Monday, January 10, 2011

Linkage

National Center for Victims of Crime.
http://www.ncvc.org/ncvc/main.aspx?dbName=DocumentViewer&DocumentID=32361

Monday, January 3, 2011

Happy New Year

When the clock struck 12:00AM, on New Years Day, I was not kissed. A gesture so simple to everyone, is so personal and meaningful to me now, that it can't be negotiated with tradition.

Sunday, January 2, 2011

Change is good.

My New Year resolution, is to try and make this blog, noticed. Thus the move. If all goes as planned, I will eventually get a unique domain name which will allow for easier access. I am devoting some of my time to making this not only a haven for myself but others, with similar stores, as well. I will begin blogging once a day, no matter the content from this point on. I need this, survivors need this.

Again, if you (the reader) know of any place to advertise this, or can get me in contact with anyone who might be interested in the subject matter, please do so, with my blessing.

Happy new year to us all.

I saw you today.

I saw you today, inside the store. It took only a second for me to recognize your face. Fight of flight kicked in, once again and I ran from the store. You still have control over me. You looked so smug. What you didn't know is how, in that mere second, I thought about how many different ways I would like to kill you, or at least mutilate you in a way that would never allow you to do, what you did to me again.I came home and submerged myself in music, in art, in isolation. I fell asleep. I woke up at 3:30am, and the thoughts were back.

The difference between you and me is, I have a small amounts of
dignity
sanity
empathy
faith
strength

What I can't allow myself to follow through with, time will.

I hope your hourglass is becoming bottom heavy.

walls

In order to stay alive, I have to keep the walls high. With every touch I am reminded of that initial touch, that first tug, when he grabbed me and took me outside, to his car, to where it happened. I do not wish death upon anyone, but I do wish death upon these feelings, it would be nice to feel anything else, just once, again.

I am trying.

I speak but I am never genuine. I rely on humor (mostly sarcasm), in order to keep everyone arms-length. If everything I say sounds like a joke, no one will pick up on my real emotions. I will purposefully make myself clumsy, tripping over imaginary barriers, just so people laugh and do not have time to 'investigate'. If they really knew how I felt, how hopeless, abandoned, shameful..they would not view me in the same light. They would see me as an object in need of sympathy and I can't handle that.
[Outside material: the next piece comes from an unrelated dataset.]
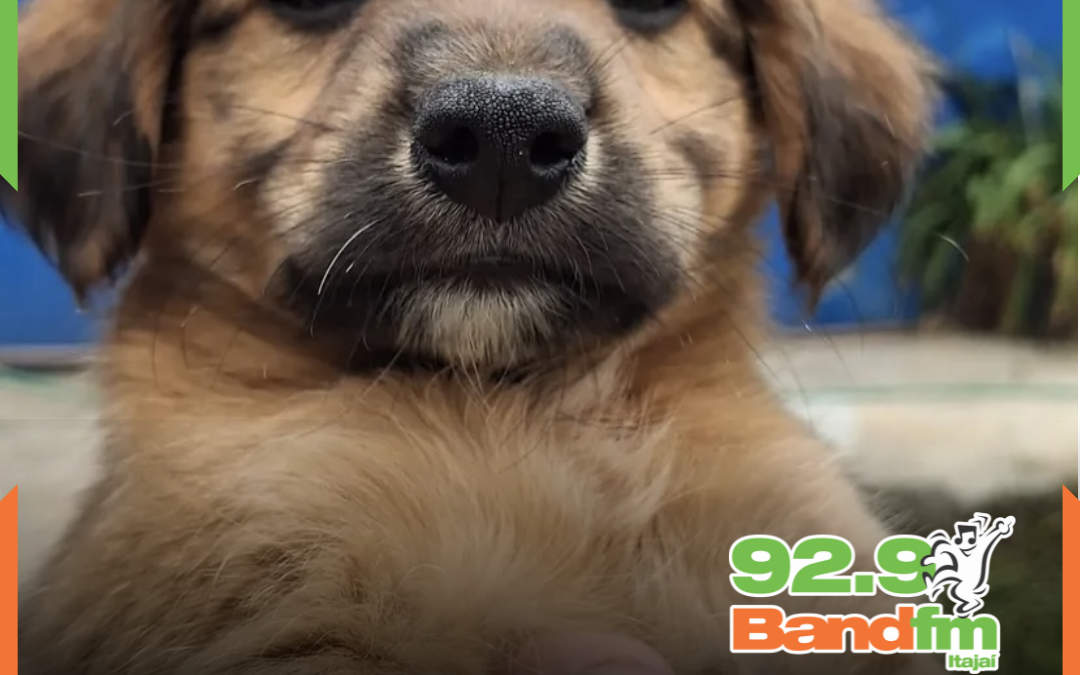 UAPA promove feira de adoção responsável de animais neste sábado (20), em Itajaí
I am but a zombie, numb. When one experiences no emotion other than emptiness, then they have a hard time accomplishing anything. My internship has failed. I am withdrawing on Monday. I can't fnd it in myself to be empathic for others when I can't even be empathic for myself. School feels like punishment. Hours upon hours of psychology and sociology studies, that make me feel incompetent. I am at a cross roads but I don't have the energy to pick a path. Would MapQuest help?

trapped.

I am feeling trapped. Trapped by memories and false promises.